*About this exercise*.
Exactly retype the lines below from the one containing "this 600×400 image." through the end of the listing. Leave pictures out.

┄┄┄┄┄┄┄┄┄┄┄┄┄┄┄┄┄┄┄┄

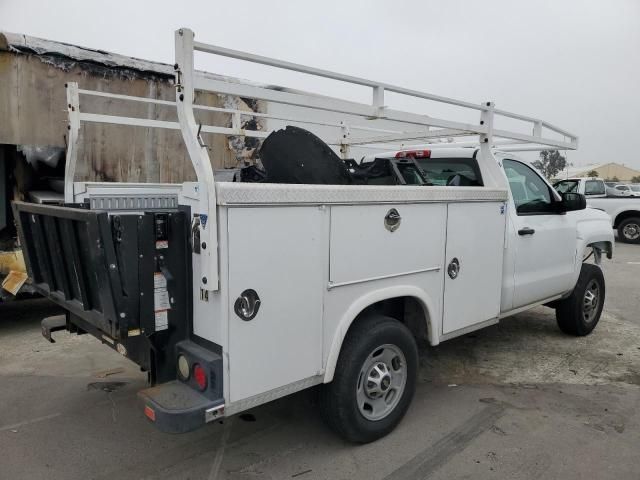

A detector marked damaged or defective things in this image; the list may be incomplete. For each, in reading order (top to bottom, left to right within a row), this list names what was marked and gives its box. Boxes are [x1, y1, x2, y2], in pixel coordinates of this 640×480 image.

damaged building [0, 31, 264, 298]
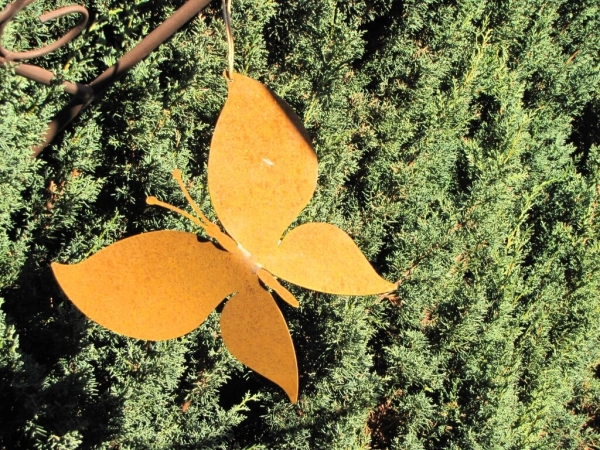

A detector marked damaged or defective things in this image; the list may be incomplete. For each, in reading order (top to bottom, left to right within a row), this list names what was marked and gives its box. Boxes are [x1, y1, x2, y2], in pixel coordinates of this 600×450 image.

rusted metal surface [0, 0, 213, 156]
rusted metal surface [52, 73, 398, 400]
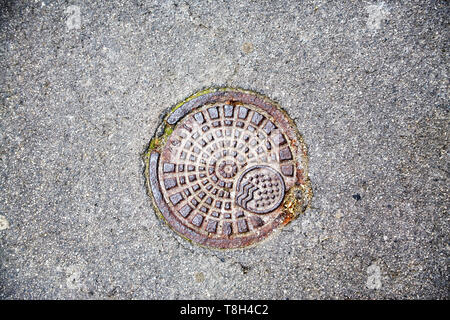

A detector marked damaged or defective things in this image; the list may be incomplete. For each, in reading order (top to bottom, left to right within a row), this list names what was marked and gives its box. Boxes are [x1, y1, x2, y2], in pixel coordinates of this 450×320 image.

rusty manhole cover [146, 89, 312, 249]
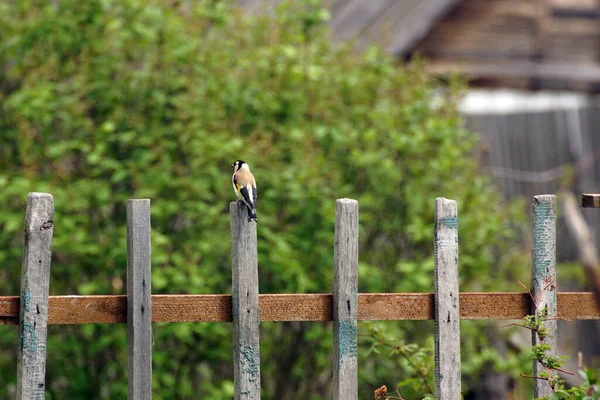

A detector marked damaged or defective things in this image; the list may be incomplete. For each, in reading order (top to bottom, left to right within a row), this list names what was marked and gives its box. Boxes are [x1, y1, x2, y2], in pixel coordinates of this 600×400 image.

peeling teal paint [338, 320, 356, 370]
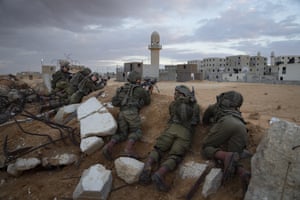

┄┄┄┄┄┄┄┄┄┄┄┄┄┄┄┄┄┄┄┄

*Response to the exercise*.
A detector marked damaged or defective things in this image; the list may be incomplete. For each, in reading order (top to bottom, left to right within a row), this list names what was marked and gives its box. Boxes are [x1, y1, x2, y2], in pixel coordinates of this 600×400 image.

peeling teal paint [338, 320, 356, 370]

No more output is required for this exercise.